**WHAT THE TASK ASKS**: When the records are reproduced, each one must match exactly, and no picture may be kept.

**LISTED RECORDS**:
========
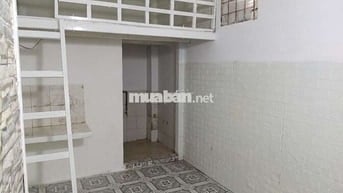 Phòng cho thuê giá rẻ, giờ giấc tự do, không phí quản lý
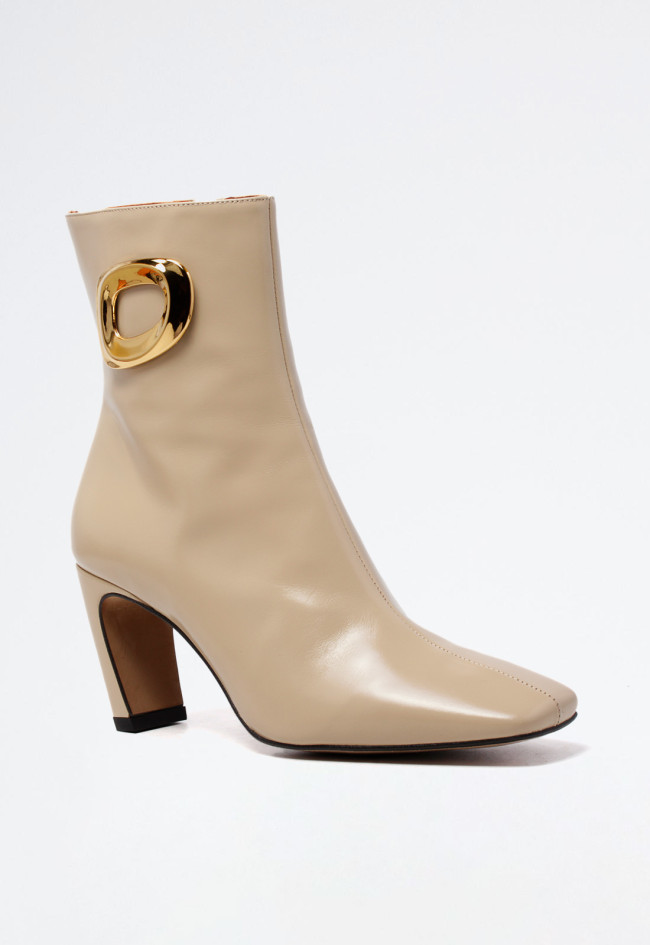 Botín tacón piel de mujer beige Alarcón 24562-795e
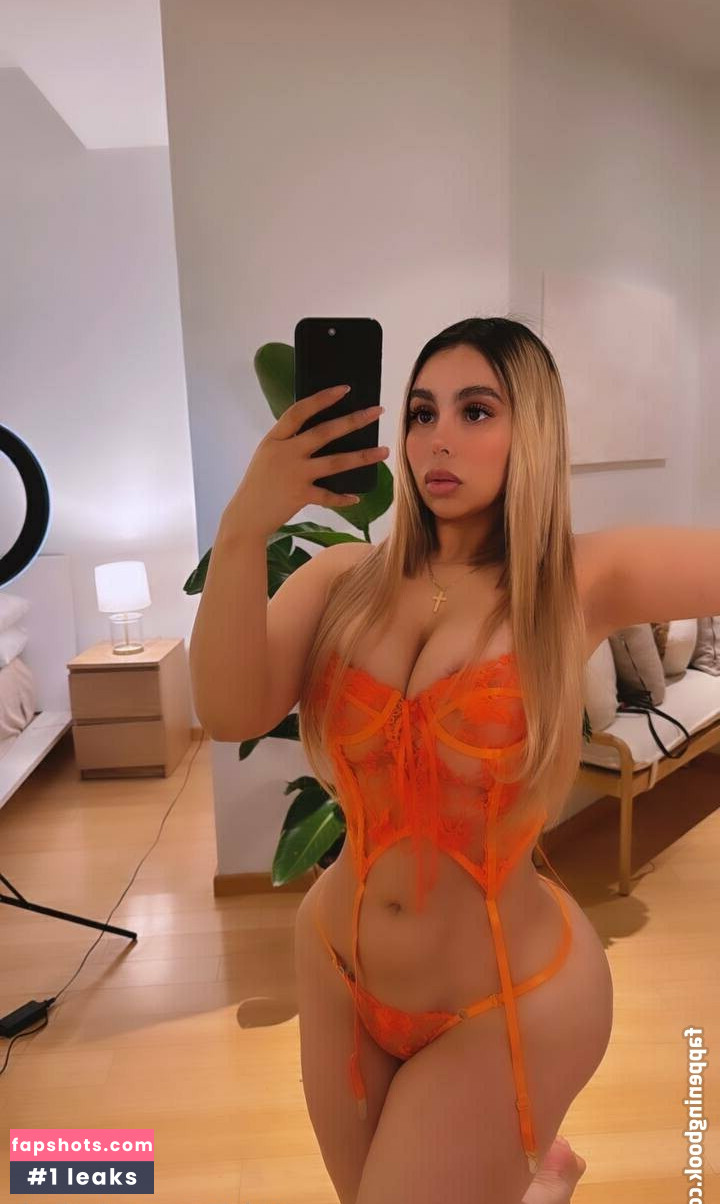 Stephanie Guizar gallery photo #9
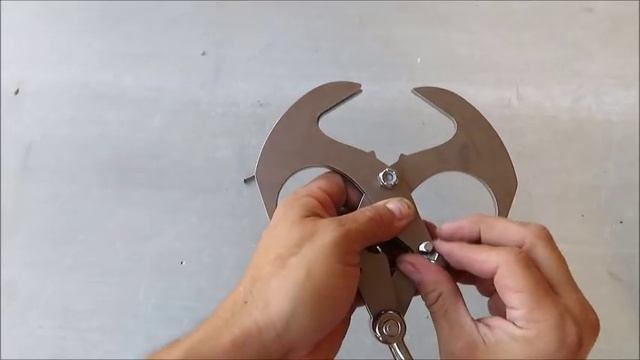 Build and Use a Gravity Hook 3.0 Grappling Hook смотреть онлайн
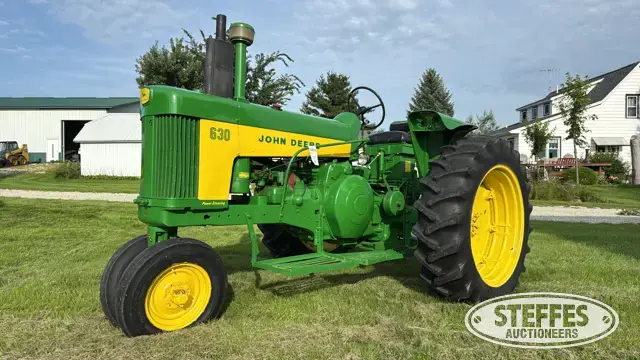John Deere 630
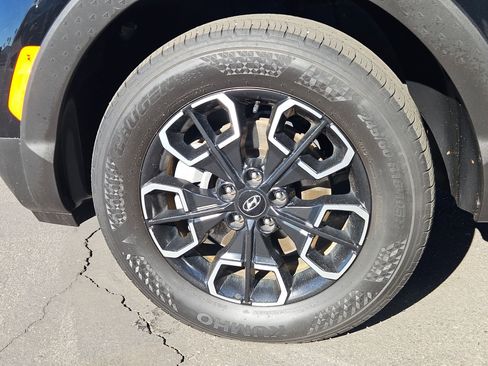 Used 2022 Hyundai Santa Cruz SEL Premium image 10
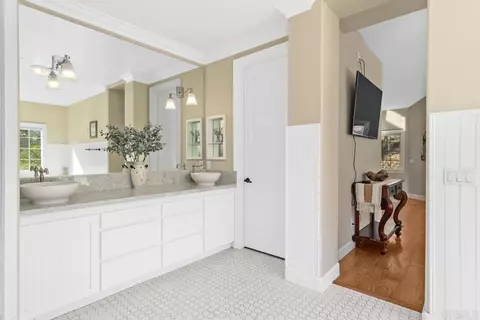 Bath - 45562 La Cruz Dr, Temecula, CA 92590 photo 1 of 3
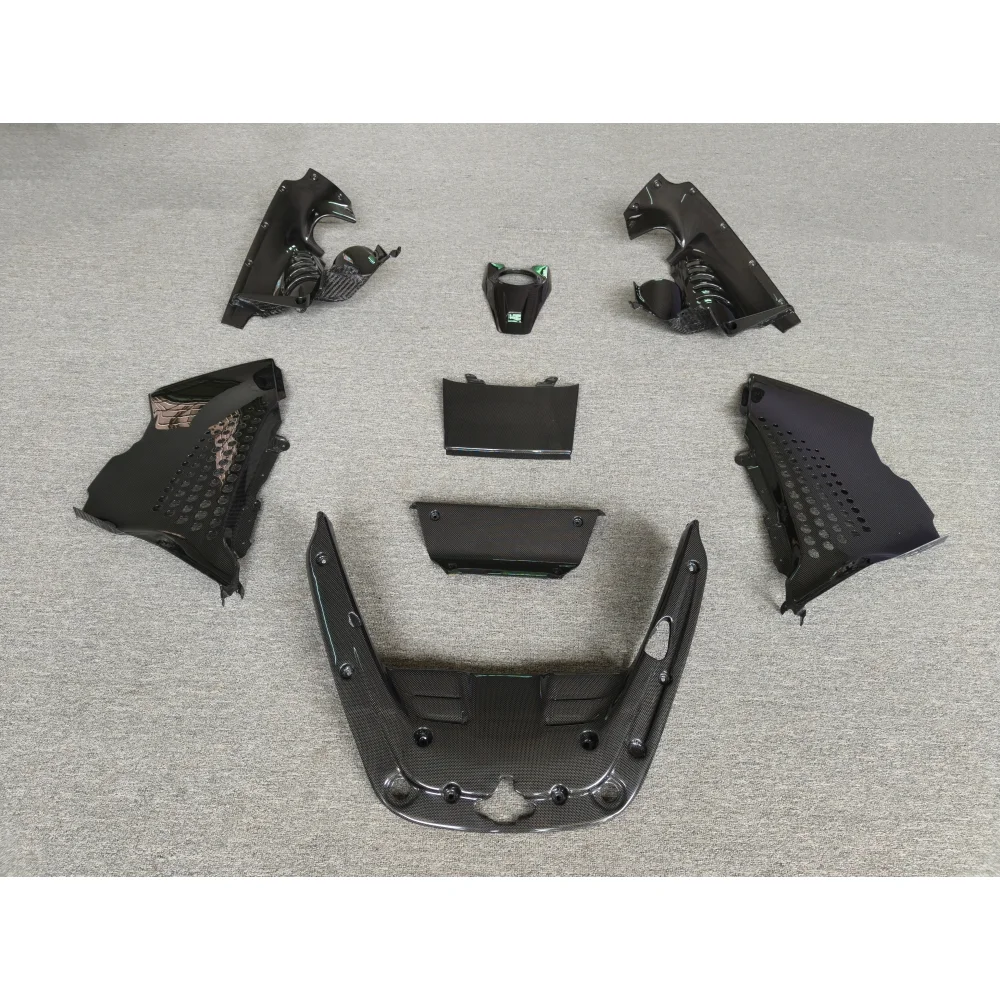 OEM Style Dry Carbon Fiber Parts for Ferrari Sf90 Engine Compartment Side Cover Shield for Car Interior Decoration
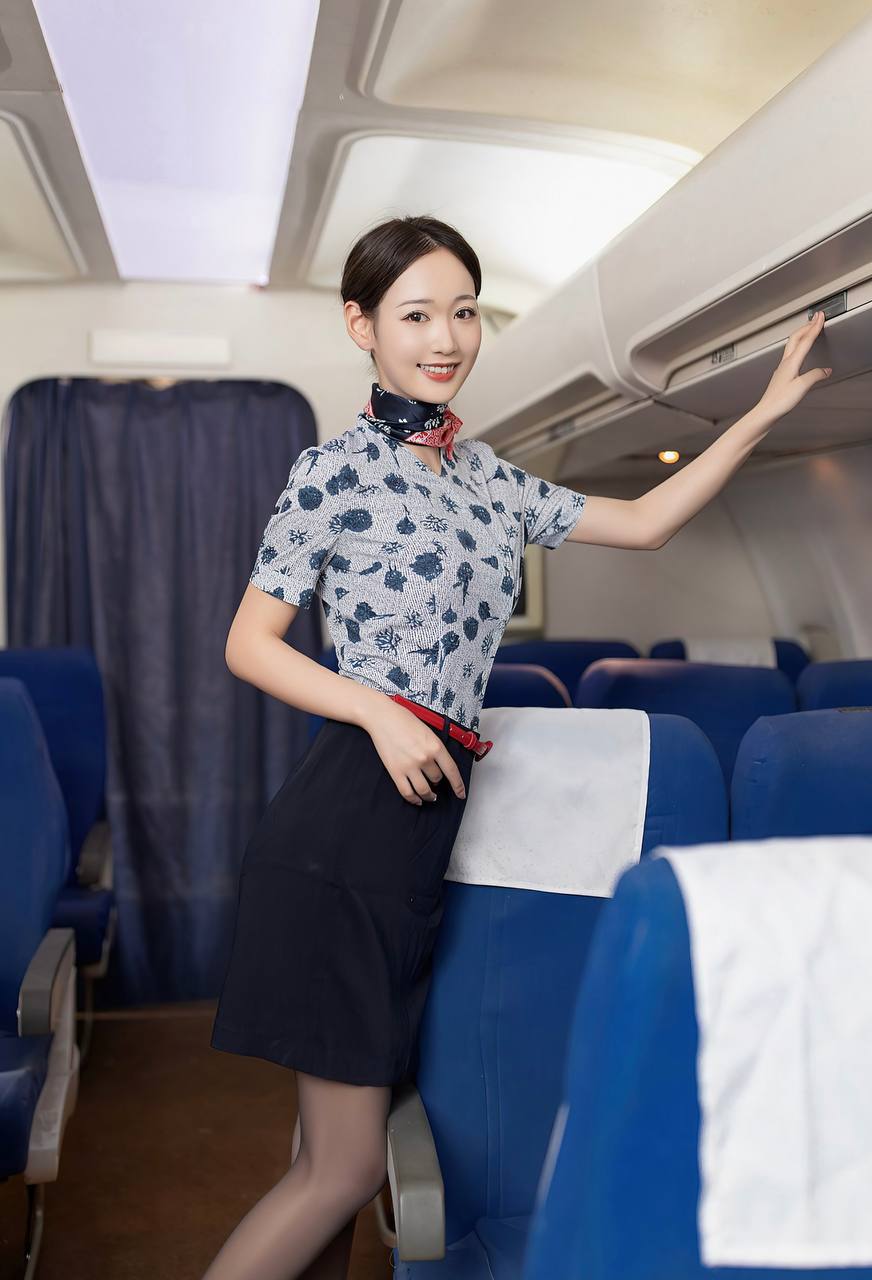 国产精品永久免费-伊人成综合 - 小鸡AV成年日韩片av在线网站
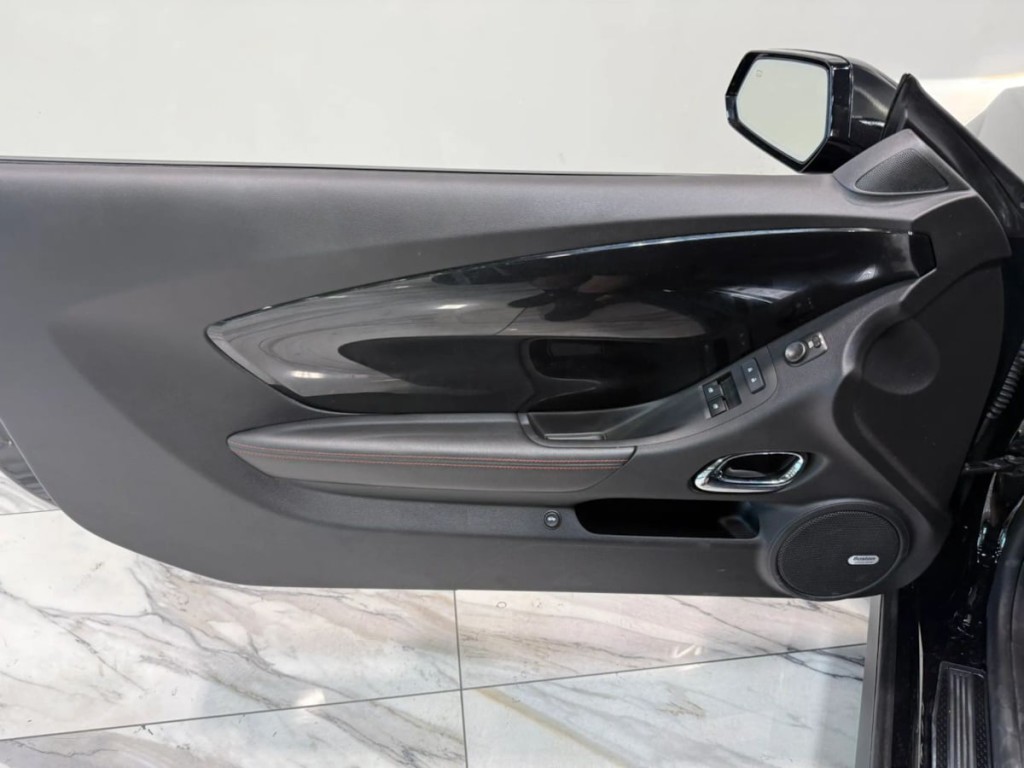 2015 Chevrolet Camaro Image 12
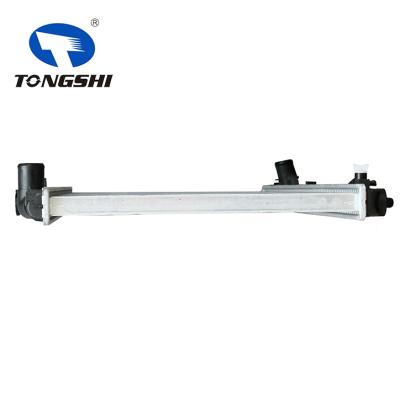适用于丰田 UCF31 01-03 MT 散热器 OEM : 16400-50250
========
**SOLUTION BELOW**:
 Phòng cho thuê giá rẻ, giờ giấc tự do, không phí quản lý
 Botín tacón piel de mujer beige Alarcón 24562-795e
 Stephanie Guizar gallery photo #9
 Build and Use a Gravity Hook 3.0 Grappling Hook смотреть онлайн
John Deere 630
 Used 2022 Hyundai Santa Cruz SEL Premium image 10
 Bath - 45562 La Cruz Dr, Temecula, CA 92590 photo 1 of 3
 OEM Style Dry Carbon Fiber Parts for Ferrari Sf90 Engine Compartment Side Cover Shield for Car Interior Decoration
 国产精品永久免费-伊人成综合 - 小鸡AV成年日韩片av在线网站
 2015 Chevrolet Camaro Image 12
适用于丰田 UCF31 01-03 MT 散热器 OEM : 16400-50250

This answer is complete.